Nicolás A. Grosso-Giordano is a PhD candidate in the department of Chemical and Biomolecular Engineering at the University of California, Berkeley. During his graduate career with Prof Alexander Katz and Dr Stacey Zones, he has worked in the development and understanding of grafted cations on delaminated zeotypes supports for Lewis acid catalysis. This research has demonstrated how structural order and uniformity of crystalline zeotype supports can engender grafted cations with greater catalytic stability and activity, compared to amorphous supports currently used in many applications. Nicolás was born in San Rafael, Mendoza, Argentina.
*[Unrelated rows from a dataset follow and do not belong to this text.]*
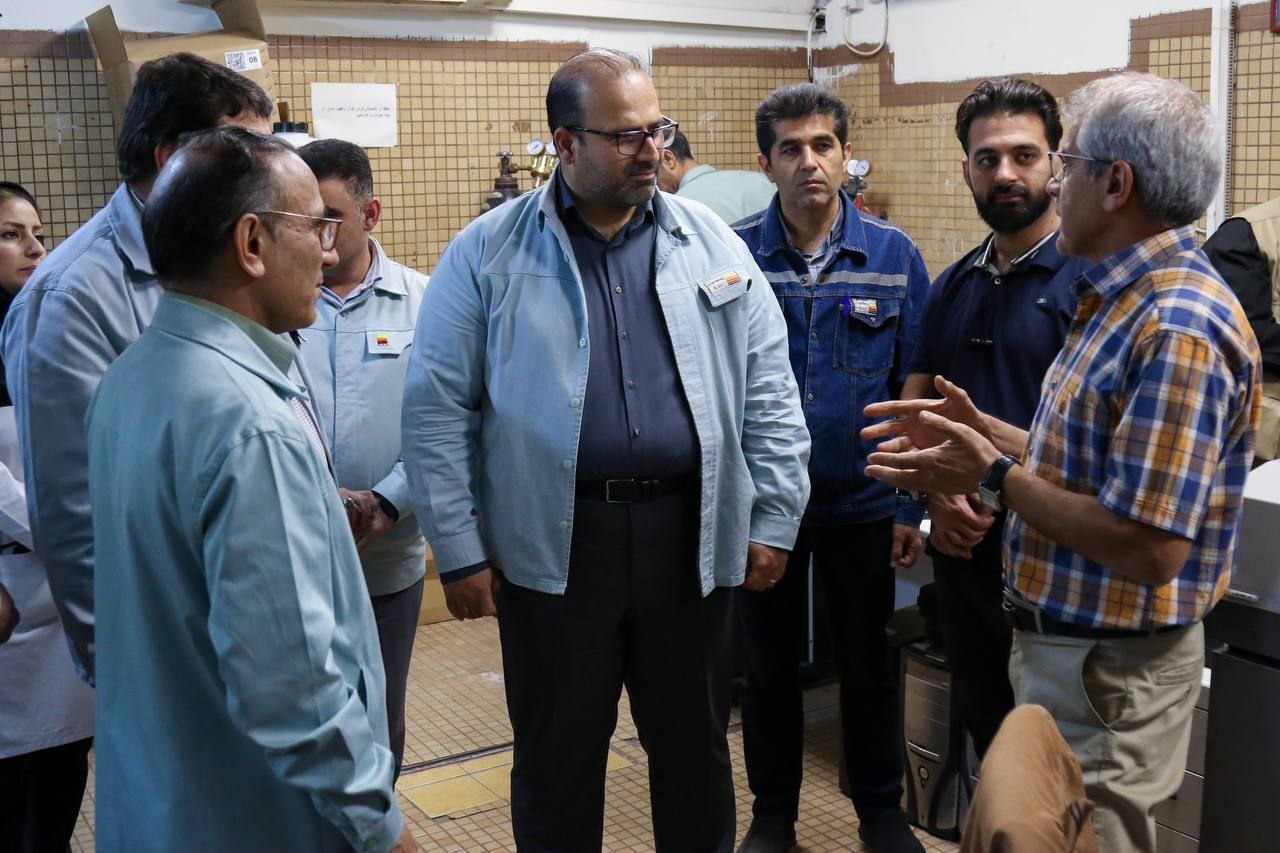 دستگاه اندازه&zwnj;گیری میزان آهن کل و فلزی در آهن اسفنجی در فولاد خوزستان ساخته شد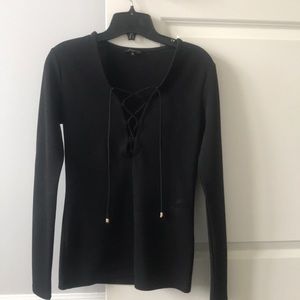 Fitted long sleeve caged v neck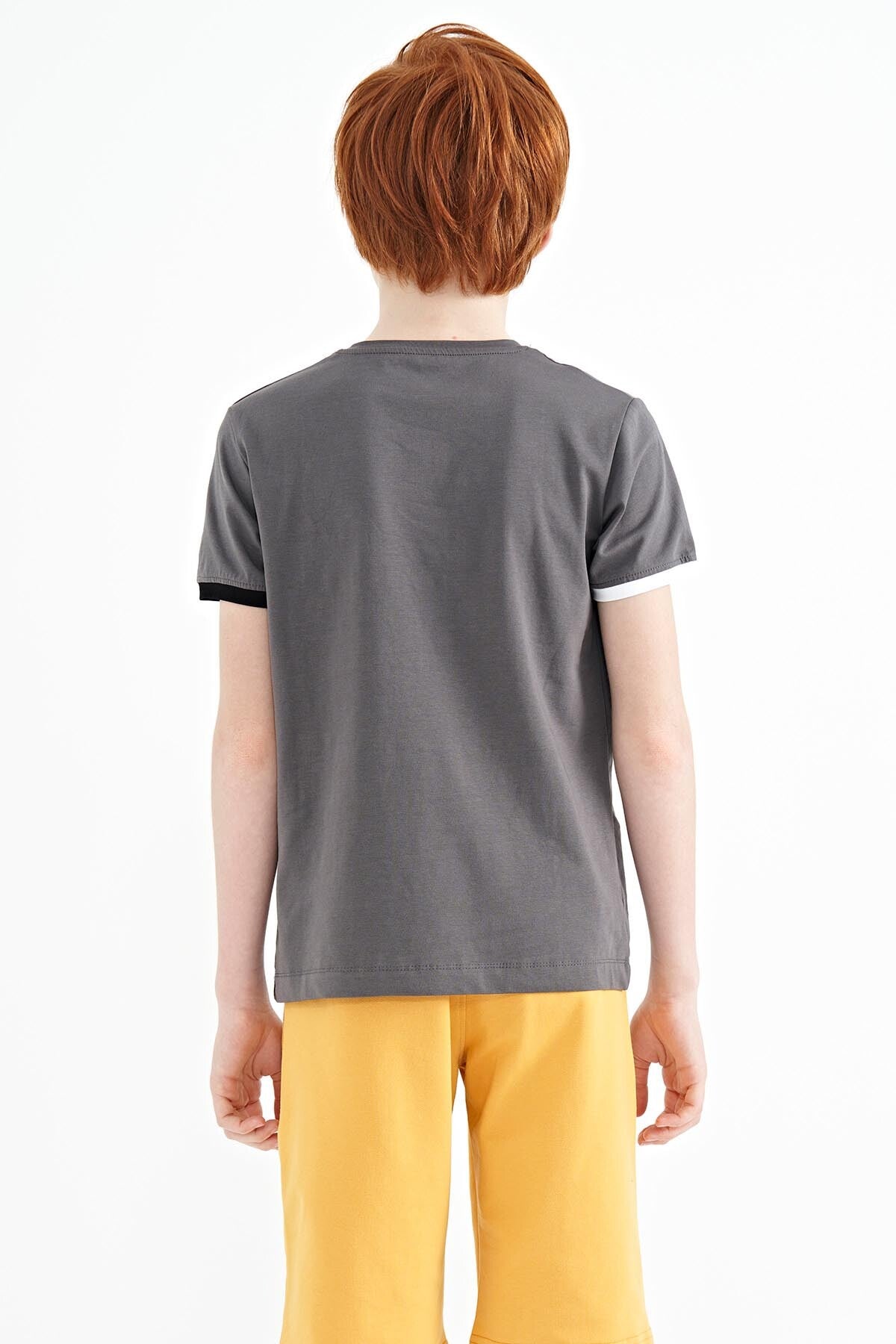Koyu Gri Baskı Detaylı O Yaka Standart Kalıp Erkek Çocuk T-Shirt - 11131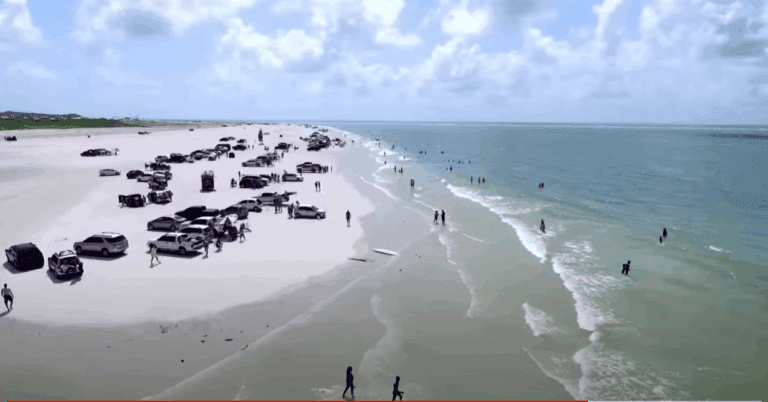 Praia do Atalaia em Salinas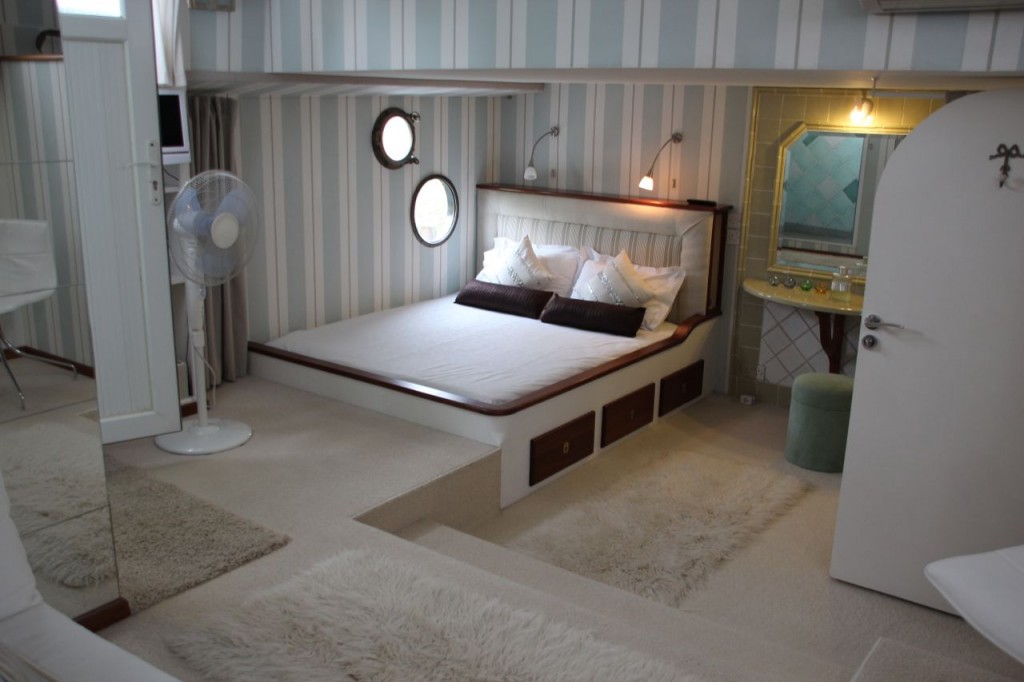 Esperance Lux barge bedroom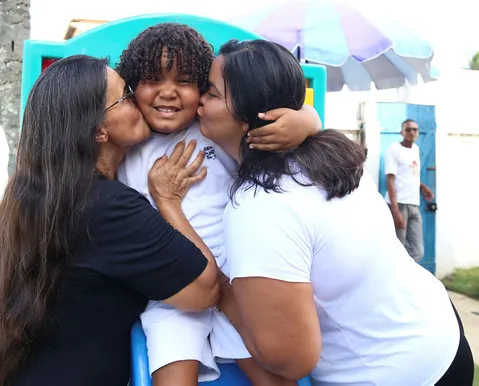 Mães iluminadas são guardiãs de filhos especiais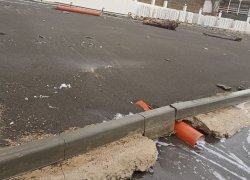 Шторм обнажил на пляжах Анапы подозрительные трубы – возможен сброс сточных вод в море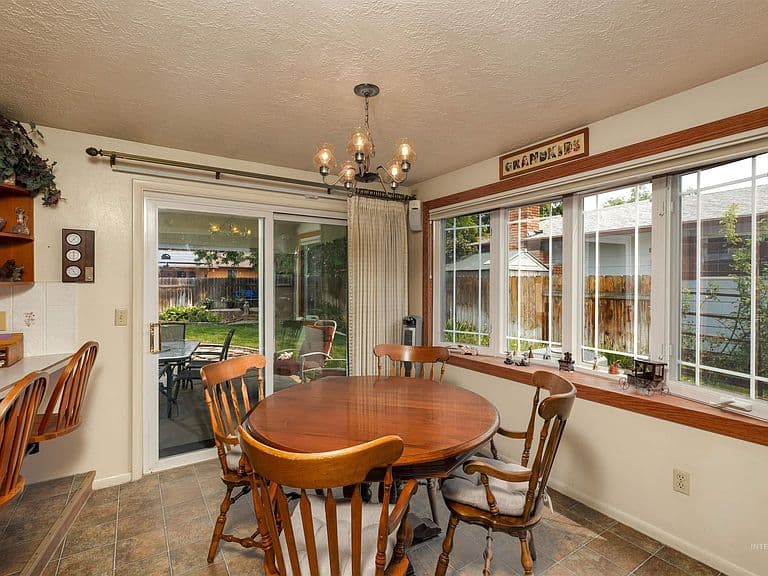 10822 W Bodley St photo 4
He attended Northwestern University as a Davis United World College Scholar, where he obtained his B.S in Chemical Engineering with a Minor in Chemistry, Summa Cum Laude. He started his research interests in heterogeneous catalysts in the group of Prof Justin Notestein at Northwestern, before coming to Berkeley for his graduate studies.
Dr Songbo He received his PhD from Dalian Institute of Chemical Physics, Chinese Academy of Science, China. He started his academic career as Assistant Professor in Dalian National Laboratory for Clean Energy in 2009. He became Associate Professor in 2011 and vice leader of the Wastewater Treatment Group (DNL0902) at DICP in 2013. From 2014, he has been working as postdoctoral research fellow in The Netherlands at University of Twente (2014.04–2016.09) and University of Groningen (2016.10 onwards). His research lies in the heterogeneous catalysis for fossil and bio-based energy and chemical processes and the corresponding solid and liquid waste treatment both at academic environment and for industrial application.
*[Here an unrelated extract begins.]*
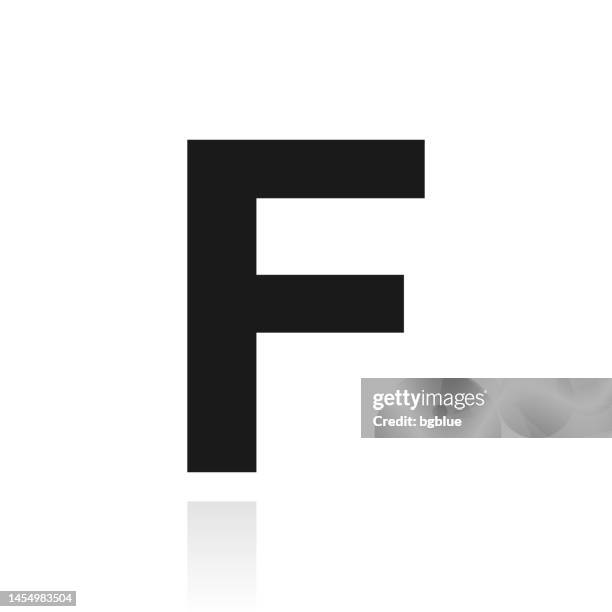 buchstabe f. icon mit reflexion auf weißem hintergrund - f stock-grafiken, -clipart, -cartoons und -symbole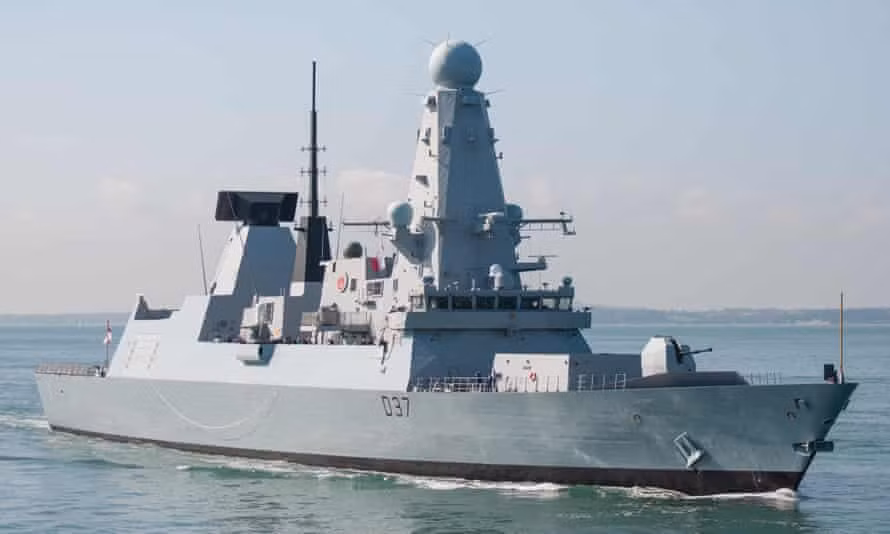 Theo trang web “Defense Briefing”, khi tàu khu trục Laboon tiến vào Biển Đen qua eo biển Bosphorus, tàu khu trục Type 45 Guardian của Hải quân Anh đang ở Istanbul cũng sẽ đi vào Biển Đen, kết hợp với khu trục hạm của Mỹ, để tập trận chung.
Keith L. Hohn obtained his PhD in Chemical Engineering at the University of Minnesota in 1995. He is currently the Honstead Professor of Chemical Engineering at Kansas State University. His research interests are in heterogeneous catalysis, with emphasis on energy applications. In particular, he has researched the conversion of hydrocarbons and alcohols to hydrogen and catalytic processes for converting biomass to fuels and chemicals. He is a member of the American Society of Engineering Educators (ASEE), American Chemical Society (ACS), and American Institute of Chemical Engineers (AICHE). He has been active in ACS and AICHE as a session organizer and session chair at a variety of meetings.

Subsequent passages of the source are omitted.